• RECORDS PROVIDED:
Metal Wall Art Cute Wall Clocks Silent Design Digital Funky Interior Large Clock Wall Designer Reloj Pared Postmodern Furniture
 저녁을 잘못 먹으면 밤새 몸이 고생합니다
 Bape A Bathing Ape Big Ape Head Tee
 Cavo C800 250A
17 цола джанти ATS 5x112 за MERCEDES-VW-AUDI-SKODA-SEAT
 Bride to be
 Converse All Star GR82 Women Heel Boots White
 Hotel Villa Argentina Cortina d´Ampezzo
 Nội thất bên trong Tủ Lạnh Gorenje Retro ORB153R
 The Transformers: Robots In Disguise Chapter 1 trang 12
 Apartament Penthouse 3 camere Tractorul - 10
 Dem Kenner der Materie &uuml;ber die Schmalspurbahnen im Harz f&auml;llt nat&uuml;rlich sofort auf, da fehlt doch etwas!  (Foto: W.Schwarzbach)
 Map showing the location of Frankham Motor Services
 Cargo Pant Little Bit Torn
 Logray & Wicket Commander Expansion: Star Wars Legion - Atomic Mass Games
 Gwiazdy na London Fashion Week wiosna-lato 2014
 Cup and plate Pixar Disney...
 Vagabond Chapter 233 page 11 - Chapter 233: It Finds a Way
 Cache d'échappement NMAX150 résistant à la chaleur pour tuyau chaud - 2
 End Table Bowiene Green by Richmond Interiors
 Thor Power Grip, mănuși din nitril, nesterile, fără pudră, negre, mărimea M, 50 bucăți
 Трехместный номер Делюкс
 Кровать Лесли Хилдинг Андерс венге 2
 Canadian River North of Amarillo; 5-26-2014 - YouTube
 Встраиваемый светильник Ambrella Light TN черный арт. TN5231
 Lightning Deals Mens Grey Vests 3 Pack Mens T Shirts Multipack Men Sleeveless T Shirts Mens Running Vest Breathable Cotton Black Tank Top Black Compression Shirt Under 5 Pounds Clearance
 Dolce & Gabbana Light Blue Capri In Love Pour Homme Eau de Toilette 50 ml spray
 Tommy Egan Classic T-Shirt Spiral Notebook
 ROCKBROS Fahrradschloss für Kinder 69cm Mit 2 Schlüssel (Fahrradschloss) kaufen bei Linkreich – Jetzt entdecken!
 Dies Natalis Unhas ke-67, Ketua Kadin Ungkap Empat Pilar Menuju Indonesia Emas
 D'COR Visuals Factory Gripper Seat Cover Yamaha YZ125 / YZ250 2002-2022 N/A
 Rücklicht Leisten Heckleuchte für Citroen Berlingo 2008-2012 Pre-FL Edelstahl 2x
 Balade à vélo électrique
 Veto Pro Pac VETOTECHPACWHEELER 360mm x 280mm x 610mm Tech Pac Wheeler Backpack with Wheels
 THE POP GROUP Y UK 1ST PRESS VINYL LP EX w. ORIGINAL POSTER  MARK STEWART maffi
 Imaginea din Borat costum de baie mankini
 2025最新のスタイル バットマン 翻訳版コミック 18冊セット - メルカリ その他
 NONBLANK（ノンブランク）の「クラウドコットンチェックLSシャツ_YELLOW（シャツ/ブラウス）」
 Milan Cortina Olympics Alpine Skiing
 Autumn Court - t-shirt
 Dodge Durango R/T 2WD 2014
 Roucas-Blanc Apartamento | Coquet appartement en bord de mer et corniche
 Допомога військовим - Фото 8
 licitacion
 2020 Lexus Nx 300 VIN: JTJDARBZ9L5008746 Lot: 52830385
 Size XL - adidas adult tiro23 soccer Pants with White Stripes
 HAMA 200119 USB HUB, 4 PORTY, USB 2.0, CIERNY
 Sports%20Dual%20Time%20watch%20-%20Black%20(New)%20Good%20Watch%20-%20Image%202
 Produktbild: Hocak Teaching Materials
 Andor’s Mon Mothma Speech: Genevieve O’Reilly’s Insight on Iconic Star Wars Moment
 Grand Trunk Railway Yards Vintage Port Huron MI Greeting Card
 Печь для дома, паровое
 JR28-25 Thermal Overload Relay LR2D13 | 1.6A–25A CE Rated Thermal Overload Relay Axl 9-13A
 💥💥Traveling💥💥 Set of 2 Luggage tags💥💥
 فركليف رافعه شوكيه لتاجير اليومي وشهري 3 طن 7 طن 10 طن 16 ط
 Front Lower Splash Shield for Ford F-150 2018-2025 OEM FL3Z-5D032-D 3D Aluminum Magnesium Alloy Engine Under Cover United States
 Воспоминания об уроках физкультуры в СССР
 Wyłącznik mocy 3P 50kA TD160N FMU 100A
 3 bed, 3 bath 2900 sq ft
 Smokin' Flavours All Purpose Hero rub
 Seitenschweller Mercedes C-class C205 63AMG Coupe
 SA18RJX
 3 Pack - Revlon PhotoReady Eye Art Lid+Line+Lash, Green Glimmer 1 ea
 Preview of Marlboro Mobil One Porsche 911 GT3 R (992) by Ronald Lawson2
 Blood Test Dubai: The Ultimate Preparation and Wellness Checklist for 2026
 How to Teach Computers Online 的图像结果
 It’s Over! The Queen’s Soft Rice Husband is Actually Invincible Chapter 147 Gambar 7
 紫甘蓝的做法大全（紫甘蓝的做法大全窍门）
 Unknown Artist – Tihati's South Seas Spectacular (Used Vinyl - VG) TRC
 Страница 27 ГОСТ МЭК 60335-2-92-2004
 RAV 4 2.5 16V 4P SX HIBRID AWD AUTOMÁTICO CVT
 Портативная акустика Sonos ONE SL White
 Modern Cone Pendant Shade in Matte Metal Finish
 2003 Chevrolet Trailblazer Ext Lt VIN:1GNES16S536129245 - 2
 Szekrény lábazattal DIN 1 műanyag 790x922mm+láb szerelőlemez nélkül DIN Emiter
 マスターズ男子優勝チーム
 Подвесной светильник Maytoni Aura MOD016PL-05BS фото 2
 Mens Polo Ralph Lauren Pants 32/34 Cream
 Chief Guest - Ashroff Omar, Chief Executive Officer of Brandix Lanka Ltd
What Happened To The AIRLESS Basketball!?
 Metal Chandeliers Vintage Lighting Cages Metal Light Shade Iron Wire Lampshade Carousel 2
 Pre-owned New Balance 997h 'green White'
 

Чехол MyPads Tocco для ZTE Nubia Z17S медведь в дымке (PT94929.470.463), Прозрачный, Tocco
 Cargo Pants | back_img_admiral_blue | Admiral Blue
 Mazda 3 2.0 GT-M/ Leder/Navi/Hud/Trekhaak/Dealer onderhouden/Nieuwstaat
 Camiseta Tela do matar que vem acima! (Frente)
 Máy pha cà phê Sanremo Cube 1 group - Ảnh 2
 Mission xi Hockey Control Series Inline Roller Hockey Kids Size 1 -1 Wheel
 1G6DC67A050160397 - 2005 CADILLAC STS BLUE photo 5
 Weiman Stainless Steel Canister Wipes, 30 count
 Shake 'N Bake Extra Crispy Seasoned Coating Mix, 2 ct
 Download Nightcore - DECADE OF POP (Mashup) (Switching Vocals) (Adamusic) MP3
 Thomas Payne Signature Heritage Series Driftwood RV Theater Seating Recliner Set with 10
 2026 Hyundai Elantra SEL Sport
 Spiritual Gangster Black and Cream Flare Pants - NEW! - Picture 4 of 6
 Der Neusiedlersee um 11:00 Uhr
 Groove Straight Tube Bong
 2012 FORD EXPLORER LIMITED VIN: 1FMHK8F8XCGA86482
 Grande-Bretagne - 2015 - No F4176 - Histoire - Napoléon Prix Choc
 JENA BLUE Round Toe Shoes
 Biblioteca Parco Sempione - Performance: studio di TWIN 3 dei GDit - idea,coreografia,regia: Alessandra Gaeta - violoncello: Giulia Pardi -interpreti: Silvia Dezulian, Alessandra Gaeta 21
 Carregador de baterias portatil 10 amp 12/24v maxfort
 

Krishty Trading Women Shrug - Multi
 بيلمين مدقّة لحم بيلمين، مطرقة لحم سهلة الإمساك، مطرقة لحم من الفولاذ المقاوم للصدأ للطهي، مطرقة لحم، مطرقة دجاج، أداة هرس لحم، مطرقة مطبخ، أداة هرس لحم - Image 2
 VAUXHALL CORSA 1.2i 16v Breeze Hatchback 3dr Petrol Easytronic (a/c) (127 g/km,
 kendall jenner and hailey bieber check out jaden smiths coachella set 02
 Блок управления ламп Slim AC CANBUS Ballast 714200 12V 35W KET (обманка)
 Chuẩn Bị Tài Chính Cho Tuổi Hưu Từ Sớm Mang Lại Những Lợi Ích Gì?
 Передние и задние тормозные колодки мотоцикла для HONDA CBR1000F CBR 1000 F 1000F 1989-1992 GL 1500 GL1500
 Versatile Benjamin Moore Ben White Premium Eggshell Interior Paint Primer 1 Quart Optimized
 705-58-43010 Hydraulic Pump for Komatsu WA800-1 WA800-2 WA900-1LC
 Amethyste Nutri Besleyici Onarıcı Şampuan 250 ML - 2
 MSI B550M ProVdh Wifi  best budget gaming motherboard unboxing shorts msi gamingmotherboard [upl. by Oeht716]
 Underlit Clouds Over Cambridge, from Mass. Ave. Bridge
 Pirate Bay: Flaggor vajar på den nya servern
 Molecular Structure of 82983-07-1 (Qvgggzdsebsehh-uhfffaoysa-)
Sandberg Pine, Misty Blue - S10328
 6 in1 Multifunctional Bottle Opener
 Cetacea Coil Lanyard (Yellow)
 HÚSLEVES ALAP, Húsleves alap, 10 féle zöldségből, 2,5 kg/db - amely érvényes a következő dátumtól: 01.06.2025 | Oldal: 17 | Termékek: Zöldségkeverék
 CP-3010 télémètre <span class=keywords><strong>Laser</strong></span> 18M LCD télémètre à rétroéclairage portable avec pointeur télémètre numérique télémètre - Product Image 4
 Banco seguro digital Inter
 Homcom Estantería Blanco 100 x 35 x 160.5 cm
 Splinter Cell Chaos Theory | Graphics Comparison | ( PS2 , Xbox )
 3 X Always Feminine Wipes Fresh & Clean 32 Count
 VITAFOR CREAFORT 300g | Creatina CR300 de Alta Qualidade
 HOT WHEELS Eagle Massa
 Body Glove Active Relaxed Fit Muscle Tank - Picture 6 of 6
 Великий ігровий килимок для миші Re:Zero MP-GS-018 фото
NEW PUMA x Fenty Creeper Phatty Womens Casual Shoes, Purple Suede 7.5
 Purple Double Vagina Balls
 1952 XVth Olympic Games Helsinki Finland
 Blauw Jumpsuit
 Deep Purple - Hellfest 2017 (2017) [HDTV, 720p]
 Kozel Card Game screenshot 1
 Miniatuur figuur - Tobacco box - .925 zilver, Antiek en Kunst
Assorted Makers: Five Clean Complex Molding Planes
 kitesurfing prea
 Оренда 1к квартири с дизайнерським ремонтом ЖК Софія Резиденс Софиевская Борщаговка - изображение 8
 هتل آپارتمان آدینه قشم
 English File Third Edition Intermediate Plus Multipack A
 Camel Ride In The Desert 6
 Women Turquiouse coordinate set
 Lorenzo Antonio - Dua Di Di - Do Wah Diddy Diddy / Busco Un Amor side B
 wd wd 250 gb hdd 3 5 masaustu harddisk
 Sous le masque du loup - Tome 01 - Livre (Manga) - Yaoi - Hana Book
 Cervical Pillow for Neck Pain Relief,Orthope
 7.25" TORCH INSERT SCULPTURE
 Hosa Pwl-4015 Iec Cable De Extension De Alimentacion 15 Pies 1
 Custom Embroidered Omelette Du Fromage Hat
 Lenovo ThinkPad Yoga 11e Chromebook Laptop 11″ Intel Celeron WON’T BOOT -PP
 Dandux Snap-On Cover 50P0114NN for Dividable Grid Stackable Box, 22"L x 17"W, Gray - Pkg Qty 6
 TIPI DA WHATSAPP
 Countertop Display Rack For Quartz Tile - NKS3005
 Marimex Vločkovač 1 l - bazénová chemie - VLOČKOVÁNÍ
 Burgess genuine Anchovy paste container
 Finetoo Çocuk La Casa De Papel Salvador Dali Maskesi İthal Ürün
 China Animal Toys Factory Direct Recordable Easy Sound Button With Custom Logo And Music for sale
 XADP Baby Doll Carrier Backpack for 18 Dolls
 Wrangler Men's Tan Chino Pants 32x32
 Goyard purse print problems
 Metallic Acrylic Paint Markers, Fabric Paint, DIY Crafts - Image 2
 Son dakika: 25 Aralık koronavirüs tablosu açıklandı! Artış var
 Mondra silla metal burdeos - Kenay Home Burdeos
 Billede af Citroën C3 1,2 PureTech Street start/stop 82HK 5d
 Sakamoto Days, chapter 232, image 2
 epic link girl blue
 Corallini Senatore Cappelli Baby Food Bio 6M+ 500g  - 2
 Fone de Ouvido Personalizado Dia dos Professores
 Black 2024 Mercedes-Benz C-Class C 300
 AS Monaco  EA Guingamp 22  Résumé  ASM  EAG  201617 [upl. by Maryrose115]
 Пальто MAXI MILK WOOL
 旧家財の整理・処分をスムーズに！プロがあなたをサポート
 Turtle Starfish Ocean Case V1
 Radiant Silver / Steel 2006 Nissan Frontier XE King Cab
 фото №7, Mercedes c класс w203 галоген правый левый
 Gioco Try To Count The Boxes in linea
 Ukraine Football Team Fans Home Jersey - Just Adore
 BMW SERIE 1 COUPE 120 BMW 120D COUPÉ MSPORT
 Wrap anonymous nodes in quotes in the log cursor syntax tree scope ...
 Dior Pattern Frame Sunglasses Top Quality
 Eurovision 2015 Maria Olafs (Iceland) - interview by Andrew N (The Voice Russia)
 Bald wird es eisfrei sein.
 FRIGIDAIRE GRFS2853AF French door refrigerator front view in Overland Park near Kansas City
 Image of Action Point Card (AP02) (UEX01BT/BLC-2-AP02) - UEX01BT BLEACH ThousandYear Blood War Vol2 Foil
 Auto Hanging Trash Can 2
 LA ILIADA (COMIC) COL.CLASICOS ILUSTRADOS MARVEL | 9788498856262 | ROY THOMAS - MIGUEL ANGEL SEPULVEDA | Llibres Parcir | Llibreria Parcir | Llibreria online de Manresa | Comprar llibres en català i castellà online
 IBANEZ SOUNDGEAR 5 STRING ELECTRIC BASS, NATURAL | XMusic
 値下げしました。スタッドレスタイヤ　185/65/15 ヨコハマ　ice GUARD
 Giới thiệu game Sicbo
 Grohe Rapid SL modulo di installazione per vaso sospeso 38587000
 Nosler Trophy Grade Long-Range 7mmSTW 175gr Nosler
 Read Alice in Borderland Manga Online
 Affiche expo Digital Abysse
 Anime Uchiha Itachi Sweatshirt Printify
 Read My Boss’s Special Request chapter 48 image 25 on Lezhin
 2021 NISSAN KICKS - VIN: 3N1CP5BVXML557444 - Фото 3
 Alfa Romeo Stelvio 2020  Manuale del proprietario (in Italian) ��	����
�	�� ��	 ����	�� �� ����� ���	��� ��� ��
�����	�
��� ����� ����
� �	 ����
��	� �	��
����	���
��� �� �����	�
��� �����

• EXERCISE DESCRIPTION:
Your reply is to repeat, unchanged, the lines above running from the one with "Передние и задние" up to and including the one with "Amethyste Nutri Besleyici".

• SOLUTION TO THIS EXERCISE:
 Передние и задние тормозные колодки мотоцикла для HONDA CBR1000F CBR 1000 F 1000F 1989-1992 GL 1500 GL1500
 Versatile Benjamin Moore Ben White Premium Eggshell Interior Paint Primer 1 Quart Optimized
 705-58-43010 Hydraulic Pump for Komatsu WA800-1 WA800-2 WA900-1LC
 Amethyste Nutri Besleyici Onarıcı Şampuan 250 ML - 2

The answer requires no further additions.